### Supplied material
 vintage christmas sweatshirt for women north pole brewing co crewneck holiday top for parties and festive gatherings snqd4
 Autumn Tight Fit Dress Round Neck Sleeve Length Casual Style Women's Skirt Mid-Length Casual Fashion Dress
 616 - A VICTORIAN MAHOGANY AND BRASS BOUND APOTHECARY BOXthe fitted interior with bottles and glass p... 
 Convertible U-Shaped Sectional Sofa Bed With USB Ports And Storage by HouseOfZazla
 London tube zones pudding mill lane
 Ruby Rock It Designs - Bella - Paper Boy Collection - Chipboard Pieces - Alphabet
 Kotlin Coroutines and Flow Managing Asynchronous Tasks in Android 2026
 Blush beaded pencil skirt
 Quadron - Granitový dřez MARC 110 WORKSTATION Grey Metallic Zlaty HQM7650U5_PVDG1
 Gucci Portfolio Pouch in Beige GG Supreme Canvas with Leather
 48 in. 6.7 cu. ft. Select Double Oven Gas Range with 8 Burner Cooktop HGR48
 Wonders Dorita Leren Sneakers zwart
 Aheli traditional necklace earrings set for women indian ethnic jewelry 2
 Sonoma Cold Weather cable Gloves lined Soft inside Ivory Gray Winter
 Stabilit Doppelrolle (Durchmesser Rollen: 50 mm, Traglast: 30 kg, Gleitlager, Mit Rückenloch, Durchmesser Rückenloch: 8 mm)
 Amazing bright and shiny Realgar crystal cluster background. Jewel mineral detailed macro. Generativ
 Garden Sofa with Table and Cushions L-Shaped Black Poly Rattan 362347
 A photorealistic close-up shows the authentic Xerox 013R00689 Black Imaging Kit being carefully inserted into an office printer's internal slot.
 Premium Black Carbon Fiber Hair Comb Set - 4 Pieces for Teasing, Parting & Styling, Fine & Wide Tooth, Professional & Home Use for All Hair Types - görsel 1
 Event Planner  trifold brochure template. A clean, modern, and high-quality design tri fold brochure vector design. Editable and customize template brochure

### Exercise description
What lines in the listing above contain the word "Black"? Show each one.

### Your solution
 Garden Sofa with Table and Cushions L-Shaped Black Poly Rattan 362347
 A photorealistic close-up shows the authentic Xerox 013R00689 Black Imaging Kit being carefully inserted into an office printer's internal slot.
 Premium Black Carbon Fiber Hair Comb Set - 4 Pieces for Teasing, Parting & Styling, Fine & Wide Tooth, Professional & Home Use for All Hair Types - görsel 1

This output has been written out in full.